Renal Division, Department of Medicine, Icahn School of Medicine at Mount Sinai, New York, New York, USA.
Pathology Division, Department of Molecular and Cell Based Medicine, Icahn School of Medicine at Mount Sinai, New York, New York, USA.
Kidney Int. 2022 Feb;101(2):288-298. doi: 10.1016/j.kint.2021.09.028. Epub 2021 Oct 30.

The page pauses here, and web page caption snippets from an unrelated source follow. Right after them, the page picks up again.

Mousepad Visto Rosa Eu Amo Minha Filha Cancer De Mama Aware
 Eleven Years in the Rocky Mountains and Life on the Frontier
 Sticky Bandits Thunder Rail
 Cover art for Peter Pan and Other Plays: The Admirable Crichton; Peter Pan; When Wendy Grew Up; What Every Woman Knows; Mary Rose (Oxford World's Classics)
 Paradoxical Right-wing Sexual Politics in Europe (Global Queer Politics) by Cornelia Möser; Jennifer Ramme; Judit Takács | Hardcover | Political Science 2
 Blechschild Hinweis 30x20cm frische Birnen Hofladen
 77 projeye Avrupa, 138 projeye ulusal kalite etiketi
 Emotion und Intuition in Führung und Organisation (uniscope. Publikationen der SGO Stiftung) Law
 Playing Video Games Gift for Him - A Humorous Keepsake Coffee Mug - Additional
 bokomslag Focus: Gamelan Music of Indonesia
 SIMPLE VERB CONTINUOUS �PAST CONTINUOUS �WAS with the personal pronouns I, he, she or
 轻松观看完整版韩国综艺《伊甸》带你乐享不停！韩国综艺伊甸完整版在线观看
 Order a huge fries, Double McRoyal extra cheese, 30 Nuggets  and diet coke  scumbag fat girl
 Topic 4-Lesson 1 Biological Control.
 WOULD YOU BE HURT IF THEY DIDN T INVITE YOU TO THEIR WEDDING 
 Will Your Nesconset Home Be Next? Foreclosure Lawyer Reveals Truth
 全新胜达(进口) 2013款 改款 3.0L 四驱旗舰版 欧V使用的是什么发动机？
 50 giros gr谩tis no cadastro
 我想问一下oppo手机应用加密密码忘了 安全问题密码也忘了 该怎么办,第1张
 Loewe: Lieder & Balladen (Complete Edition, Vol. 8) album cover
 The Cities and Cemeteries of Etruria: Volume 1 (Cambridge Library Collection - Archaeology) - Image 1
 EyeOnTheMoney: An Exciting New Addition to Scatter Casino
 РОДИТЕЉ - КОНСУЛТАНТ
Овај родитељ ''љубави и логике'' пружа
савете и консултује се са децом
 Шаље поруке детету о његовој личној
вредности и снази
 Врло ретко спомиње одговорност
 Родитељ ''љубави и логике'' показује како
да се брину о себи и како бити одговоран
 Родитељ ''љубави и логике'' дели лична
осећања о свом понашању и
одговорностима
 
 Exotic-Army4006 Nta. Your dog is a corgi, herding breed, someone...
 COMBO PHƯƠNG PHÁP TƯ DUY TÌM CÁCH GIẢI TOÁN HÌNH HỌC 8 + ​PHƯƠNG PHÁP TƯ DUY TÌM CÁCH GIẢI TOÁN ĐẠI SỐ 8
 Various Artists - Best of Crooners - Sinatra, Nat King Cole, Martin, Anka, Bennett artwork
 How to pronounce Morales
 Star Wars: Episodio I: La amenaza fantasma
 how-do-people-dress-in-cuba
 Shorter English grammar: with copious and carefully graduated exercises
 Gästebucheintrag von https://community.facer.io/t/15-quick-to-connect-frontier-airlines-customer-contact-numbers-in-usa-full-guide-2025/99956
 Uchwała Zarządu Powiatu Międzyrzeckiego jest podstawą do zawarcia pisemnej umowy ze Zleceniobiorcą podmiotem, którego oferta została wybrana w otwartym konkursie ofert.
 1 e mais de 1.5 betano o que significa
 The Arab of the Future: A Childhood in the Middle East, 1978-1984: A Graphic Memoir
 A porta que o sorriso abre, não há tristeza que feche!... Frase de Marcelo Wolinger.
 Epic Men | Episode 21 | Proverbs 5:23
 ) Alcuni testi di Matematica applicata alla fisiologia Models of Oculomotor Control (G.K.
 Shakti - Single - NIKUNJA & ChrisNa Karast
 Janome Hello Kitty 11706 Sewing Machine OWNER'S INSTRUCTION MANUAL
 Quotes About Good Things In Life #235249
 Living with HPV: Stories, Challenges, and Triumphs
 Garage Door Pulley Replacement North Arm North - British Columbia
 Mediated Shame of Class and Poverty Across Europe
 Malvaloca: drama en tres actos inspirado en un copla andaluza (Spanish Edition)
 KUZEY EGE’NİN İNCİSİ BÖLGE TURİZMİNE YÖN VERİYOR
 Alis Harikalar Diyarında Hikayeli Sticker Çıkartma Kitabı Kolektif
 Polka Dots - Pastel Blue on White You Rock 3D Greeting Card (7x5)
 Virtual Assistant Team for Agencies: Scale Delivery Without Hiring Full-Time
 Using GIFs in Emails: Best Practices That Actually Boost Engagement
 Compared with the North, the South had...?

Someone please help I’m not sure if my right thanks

Interstitial fibrosis, tubular atrophy, and inflammation are major contributors to kidney allograft failure. Here we sought an objective, quantitative pathological assessment of these lesions to improve predictive utility and constructed a deep-learning-based pipeline recognizing normal vs. abnormal kidney tissue compartments and mononuclear leukocyte infiltrates. Periodic acid- Schiff stained slides of transplant biopsies (60 training and 33 testing) were used to quantify pathological lesions specific for interstitium, tubules and mononuclear leukocyte infiltration. The pipeline was applied to the whole slide images from 789 transplant biopsies (478 baseline [pre-implantation] and 311 post-transplant 12-month protocol biopsies) in two independent cohorts (GoCAR: 404 patients, AUSCAD: 212 patients) of transplant recipients to correlate composite lesion features with graft loss. Our model accurately recognized kidney tissue compartments and mononuclear leukocytes. The digital features significantly correlated with revised Banff 2007 scores but were more sensitive to subtle pathological changes below the thresholds in the Banff scores. The Interstitial and Tubular Abnormality Score (ITAS) in baseline samples was highly predictive of one-year graft loss, while a Composite Damage Score in 12-month post-transplant protocol biopsies predicted later graft loss. ITASs and Composite Damage Scores outperformed Banff scores or clinical predictors with superior graft loss prediction accuracy. High/intermediate risk groups stratified by ITASs or Composite Damage Scores also demonstrated significantly higher incidence of estimated glomerular filtration rate decline and subsequent graft damage. Thus, our deep-learning approach accurately detected and quantified pathological lesions from baseline or post-transplant biopsies and demonstrated superior ability for prediction of post-transplant graft loss with potential application as a prevention, risk stratification or monitoring tool.
间质纤维化、肾小管萎缩和炎症是导致肾移植失败的主要因素。在这里,我们寻求一种客观的、定量的病理评估方法来提高预测的准确性,并构建了一个基于深度学习的模型,用于识别正常和异常的肾组织腔室以及单核白细胞浸润。使用过碘酸-希夫染色的移植活检切片(60 个训练和 33 个测试)来定量分析间质、肾小管和单核白细胞浸润的特定病变。该模型应用于两个独立队列(GoCAR:404 例患者,AUSCAD:212 例患者)的 789 例移植活检的全切片图像(478 例基线[移植前]和 311 例移植后 12 个月方案活检)中,以将复合病变特征与移植物丢失相关联。我们的模型准确地识别了肾组织腔室和单核白细胞。数字特征与修订后的 Banff 2007 评分显著相关,但对 Banff 评分阈值以下的细微病理变化更敏感。基线样本中的间质和肾小管异常评分(ITAS)对一年移植物丢失具有高度预测性,而移植后 12 个月方案活检中的复合损伤评分则预测了后期移植物丢失。ITAS 和复合损伤评分优于 Banff 评分或临床预测因子,具有更高的移植物丢失预测准确性。通过 ITAS 或复合损伤评分分层的高/中风险组也显示出肾小球滤过率下降和随后移植物损伤的发生率显著升高。因此,我们的深度学习方法可以准确地从基线或移植后活检中检测和定量病理病变,并具有卓越的预测移植后移植物丢失的能力,具有作为预防、风险分层或监测工具的潜在应用价值。